Co-founder Elizabeth Dempsey said the insulated walls and windows of her home on a 3.79-acre lot are no match for the gas-powered leaf blowers in her neighborhood during busy blowing months.

“I can hear it in my house all day,” said Dempsey, a 61-year-old former banker.

Svetlana Wasserman, a 53-year-old former management consultant, moved from a nearby town in Westchester County, N.Y., for a home with a bigger yard in 2019. “One of the first things that jumped out at me when I moved here, despite living in the back country and 5-acre estates, is how friggin’ noisy it is,” she said.

Even among spacious lots with few neighbors, Wasserman said she can’t escape the leaf blowers. She puts on earbuds and plays music when she needs a reprieve, she said.

“Sometimes I play Radiohead,” said Wasserman, also of Quiet Yards Greenwich. “Usually it’s some pretty angry music.”
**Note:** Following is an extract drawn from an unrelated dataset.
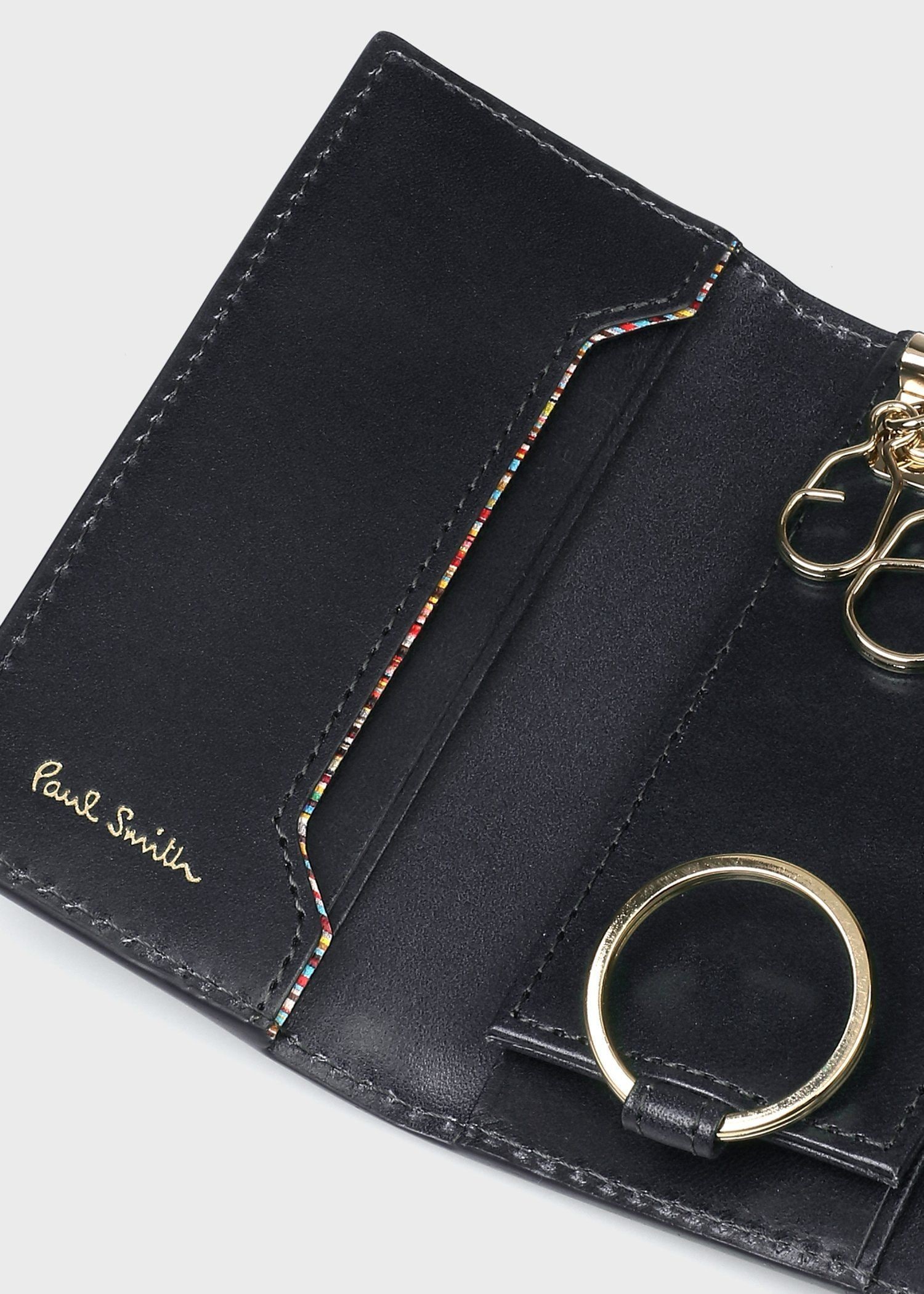 ベジタン SS26 キーケース（ネイビー） ｜ポール・スミス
Sophie Koven, another member, said one pivotal moment for her occurred last year during her son’s eighth-grade graduation, further solidifying her opposition to the tools. Midway through the outdoor ceremony, the blare of a gas-powered leaf blower coming from the adjacent property began drowning out the student speaker, who could barely be heard above the buzz.

“One person operating one leaf blower can just ruin an event for 800 people, and no one can do anything about it,” said Koven, 49, who works as a mediator.

Sophie Koven's son's eighth-grade graduation

As part of their campaign, Quiet Yards Greenwich provided town officials with a 71-page white paper documenting the impacts of gas-powered leaf blowers and concerns about fumes and noise. The paper included a survey of 680 residents, with nearly 90% saying they wanted to curtail gas-blower use in their neighborhood.

“PLEASE do something about these hideous machines and their almost constant use. The noise on our street is unbearable,” one survey participant wrote. “I suffer. Our dog suffers.”

Some respondents weren’t pleased with the possibility of new lawn-tool limits.

“Stop trying to regulate and interfere in everyones life!” one person commented in the survey.

Making her case for leaf-blower restrictions during a recent town meeting, Koven cited a dispute in 17th century England, known as Aldred’s case. That landmark case involved a man who built a pigsty next to the home of his neighbor, William Aldred.

Aldred filed and won a nuisance complaint in court, establishing a right for people to enjoy their property that was adopted by the settlers who came to the U.S., said Koven, a trained lawyer.

Karen DeWahl, a Quiet Yards Greenwich member who will often wear noise-canceling headphones while having lunch with her husband to escape the noise of blowers, said she hopes the group’s proposal to cut down on the noise will be successful.

“It’s a beautiful town, it really is,” DeWahl said. “So we want to enjoy it.”